January 2011 will go down in media history as a momentous month. The month began with the continuation of extensive coverage of the Wikileaks Cablegate controversy in print, televisual, and networked media. Media attention to Wikileaks was eclipsed in large part by the mass shooting in Arizona on January 8, echoes of which had already begun to fade by the time that mass protests forced Tunisian president Zine El Abidine Ben Ali to step down on January 15. But the most geopolitically significant event of the month was the popular revolution in Egypt, which started on January 25 and which finally culminated on February 11 with the resignation of President Hosni Mubarak.
Was this an internet revolution?
Two weeks ago I blogged about the way in which live coverage of the Egyptian protests participated in widespread premediation of the future of Egypt. That premediation continued on February 10 as the world awaited Mubarak's supposed resignation speech; it continued up until Mubarak finally resigned on February 11. Both before and now after his resignation, cable news networks and the political blogosphere have been filled with premediations of what will follow Mubarak's departure. And you can rest assured that such premediations will not end any time soon. In the 21st century print, televisual, and networked news media are oriented largely to anticipating the future, even while covering news live as it happens.
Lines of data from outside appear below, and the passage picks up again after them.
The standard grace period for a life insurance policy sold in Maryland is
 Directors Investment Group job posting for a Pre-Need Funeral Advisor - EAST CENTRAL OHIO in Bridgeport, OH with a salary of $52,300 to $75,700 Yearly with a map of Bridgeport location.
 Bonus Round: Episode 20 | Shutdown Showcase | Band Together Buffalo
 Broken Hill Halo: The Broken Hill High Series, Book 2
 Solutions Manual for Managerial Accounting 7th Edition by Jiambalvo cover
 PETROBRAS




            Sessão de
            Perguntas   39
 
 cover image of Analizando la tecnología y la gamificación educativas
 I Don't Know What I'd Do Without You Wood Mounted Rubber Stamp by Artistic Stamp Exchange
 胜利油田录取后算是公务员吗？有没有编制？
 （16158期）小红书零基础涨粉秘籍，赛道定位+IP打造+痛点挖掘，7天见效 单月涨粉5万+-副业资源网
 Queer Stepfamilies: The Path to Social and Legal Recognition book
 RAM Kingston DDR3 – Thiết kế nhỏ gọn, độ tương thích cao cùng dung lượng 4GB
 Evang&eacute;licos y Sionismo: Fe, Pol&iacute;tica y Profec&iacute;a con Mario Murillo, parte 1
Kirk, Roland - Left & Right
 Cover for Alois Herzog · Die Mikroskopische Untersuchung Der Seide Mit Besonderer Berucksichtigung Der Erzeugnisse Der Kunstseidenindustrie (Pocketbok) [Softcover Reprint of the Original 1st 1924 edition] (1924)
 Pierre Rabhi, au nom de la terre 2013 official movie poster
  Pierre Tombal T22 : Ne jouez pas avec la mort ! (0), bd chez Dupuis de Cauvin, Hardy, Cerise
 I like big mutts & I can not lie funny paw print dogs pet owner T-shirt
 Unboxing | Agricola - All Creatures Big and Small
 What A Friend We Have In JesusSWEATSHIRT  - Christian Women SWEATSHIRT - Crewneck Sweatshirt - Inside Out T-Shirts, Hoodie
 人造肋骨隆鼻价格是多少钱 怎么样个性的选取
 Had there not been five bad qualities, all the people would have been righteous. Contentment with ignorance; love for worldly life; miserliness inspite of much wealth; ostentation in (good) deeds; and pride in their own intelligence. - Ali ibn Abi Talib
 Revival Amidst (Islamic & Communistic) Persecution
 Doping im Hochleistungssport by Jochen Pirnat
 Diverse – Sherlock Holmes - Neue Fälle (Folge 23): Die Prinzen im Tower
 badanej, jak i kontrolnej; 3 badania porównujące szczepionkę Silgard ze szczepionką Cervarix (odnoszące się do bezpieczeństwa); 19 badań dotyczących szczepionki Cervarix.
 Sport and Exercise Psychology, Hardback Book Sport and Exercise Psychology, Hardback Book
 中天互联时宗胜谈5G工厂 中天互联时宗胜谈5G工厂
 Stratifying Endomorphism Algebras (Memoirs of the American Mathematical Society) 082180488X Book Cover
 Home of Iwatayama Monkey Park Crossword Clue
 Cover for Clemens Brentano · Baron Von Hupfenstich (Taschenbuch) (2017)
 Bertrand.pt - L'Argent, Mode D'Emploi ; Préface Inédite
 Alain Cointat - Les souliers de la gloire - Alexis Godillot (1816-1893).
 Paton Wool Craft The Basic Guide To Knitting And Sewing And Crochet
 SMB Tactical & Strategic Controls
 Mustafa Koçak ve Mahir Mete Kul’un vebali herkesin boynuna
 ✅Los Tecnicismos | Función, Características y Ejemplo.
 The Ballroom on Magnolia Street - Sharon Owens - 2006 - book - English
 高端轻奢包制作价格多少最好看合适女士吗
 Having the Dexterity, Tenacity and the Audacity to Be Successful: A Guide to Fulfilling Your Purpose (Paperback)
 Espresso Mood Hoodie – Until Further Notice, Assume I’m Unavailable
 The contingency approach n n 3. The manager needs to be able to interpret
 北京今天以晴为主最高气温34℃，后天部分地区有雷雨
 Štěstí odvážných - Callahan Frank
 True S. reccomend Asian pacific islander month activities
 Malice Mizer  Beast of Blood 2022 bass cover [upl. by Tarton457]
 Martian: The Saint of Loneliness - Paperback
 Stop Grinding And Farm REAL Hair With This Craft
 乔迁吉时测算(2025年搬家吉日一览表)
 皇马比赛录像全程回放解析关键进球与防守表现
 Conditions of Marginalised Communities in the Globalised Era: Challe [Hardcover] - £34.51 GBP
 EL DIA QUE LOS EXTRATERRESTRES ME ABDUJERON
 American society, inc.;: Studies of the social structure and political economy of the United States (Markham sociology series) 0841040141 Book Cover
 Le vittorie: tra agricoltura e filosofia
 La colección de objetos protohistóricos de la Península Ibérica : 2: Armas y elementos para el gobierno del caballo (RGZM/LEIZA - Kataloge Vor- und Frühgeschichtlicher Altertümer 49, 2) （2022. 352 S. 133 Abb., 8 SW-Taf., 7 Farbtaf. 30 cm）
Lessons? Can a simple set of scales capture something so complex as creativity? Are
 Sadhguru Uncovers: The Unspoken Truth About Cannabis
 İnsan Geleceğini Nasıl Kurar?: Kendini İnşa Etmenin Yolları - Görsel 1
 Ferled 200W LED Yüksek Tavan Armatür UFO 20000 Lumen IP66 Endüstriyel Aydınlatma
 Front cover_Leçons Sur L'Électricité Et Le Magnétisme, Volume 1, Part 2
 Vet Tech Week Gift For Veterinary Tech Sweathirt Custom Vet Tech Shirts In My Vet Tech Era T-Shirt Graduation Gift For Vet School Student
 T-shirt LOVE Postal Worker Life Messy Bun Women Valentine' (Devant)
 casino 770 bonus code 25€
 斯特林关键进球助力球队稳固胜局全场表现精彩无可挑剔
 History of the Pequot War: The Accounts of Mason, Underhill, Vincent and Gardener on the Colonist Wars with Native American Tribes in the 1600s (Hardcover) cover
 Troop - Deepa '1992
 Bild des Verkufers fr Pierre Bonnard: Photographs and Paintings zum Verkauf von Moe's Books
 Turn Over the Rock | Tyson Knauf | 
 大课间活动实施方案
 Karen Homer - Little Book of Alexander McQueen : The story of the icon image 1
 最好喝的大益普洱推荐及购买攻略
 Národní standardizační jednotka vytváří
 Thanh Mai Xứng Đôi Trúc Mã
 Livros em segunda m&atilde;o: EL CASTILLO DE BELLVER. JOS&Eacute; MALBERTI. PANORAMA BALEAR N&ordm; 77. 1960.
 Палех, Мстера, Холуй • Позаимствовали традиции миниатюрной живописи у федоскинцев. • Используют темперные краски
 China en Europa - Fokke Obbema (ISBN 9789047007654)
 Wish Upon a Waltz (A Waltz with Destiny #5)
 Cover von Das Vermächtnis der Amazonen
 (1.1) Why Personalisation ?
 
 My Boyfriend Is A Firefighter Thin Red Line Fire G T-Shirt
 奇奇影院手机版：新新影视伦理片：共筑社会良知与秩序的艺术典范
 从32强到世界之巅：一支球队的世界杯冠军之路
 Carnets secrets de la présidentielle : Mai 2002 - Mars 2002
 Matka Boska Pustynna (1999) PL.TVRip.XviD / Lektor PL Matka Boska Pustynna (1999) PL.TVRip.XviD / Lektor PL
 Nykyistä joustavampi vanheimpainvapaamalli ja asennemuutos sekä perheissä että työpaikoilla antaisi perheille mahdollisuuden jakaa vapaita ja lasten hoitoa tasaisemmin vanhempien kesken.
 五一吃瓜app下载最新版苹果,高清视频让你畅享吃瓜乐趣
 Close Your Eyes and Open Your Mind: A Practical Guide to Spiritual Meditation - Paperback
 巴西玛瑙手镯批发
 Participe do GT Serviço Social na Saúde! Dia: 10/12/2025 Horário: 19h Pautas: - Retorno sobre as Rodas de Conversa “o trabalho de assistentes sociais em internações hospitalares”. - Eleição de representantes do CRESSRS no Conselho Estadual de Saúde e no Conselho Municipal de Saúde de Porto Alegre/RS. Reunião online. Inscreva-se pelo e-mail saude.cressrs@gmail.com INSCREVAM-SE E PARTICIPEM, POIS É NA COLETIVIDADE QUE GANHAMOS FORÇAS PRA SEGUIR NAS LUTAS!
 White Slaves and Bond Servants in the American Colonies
One proiminent theme running through the premediation of Egypt's and the region's future involved the role of the internet in mobilizing political revolution. The uprisings in Egypt have produced the latest chapter in a familiar debate about the political efficacy of social media: were these mass protests caused by mobile social media like Facebook, YouTube, and Twitter, or were they the genuine, authentic expression of the will to democracy of the Egyptian people? Cable news networks are obsessed with the connections to Twitter and Facebook, focusing on Google marketing executive Wael Ghonim, who first set up a crucial Facebook page and was arrested and interrogated by Egyptian security forces before being released on February 7. Malcolm Gladwell has weighed in with his typically superficial dismissal of the role of social media in political revolution, and Frank Rich has echoed him in his February 6 NYT column.
As the Egyptian revolution continues to intensify, the debate over whether it is a Twitter or Facebook revolution or whether it is a popular revolution caused by mass popular unrest looks in many senses increasingly simple-minded. On the eve of and in the aftermath of Mubarak's departure it seems impossible to deny that the revolution was intensified, amplified, and mobilized by all sorts of media--not just social media but also by global networked print and televisual news media. The pressure put by mass and participatory media on politicians in US and Egypt undoubtedly has helped to accelerate Mubarak's departure. But this pressure was inseparable from, and given its own urgency and intensification by, the proliferation of audiovisual mediations of mass protests in Cairo and Alexandria, as well as elsewhere in the West and in the Middle East.
It is time to move beyond the tired liberal antinomy between the human and the technical, between social and medial agency. As I have argued in response to the similar debate surrounding the mass shootings in Arizona, agency is never singular but is always the product of hybrid networks of human, social, technical, medial, and other actants. What makes social media efficacious is precisely that they are such hybrid networks, complex alliances of human will and desire, technical networks, media formats, embodied individual and collective affectivity, and so forth.
While I have no patience with utopian technologically determinist claims that social movements like those currently under way in the Middle East are caused by Facebook or Twitter or YouTube or mobile phones or cable news networks like Al Jazeera, I have even less patience for the stubborn resistance of Gladwell, Rich, and others to the idea that these social media networks have little or no effect on the ongoing events in the Middle East. We do not have to deny the amplifying, intensifying, and co-creative effects of social media in order to recognize the mass popular movements in the Middle East as the expression of revolutionary fervor or agency.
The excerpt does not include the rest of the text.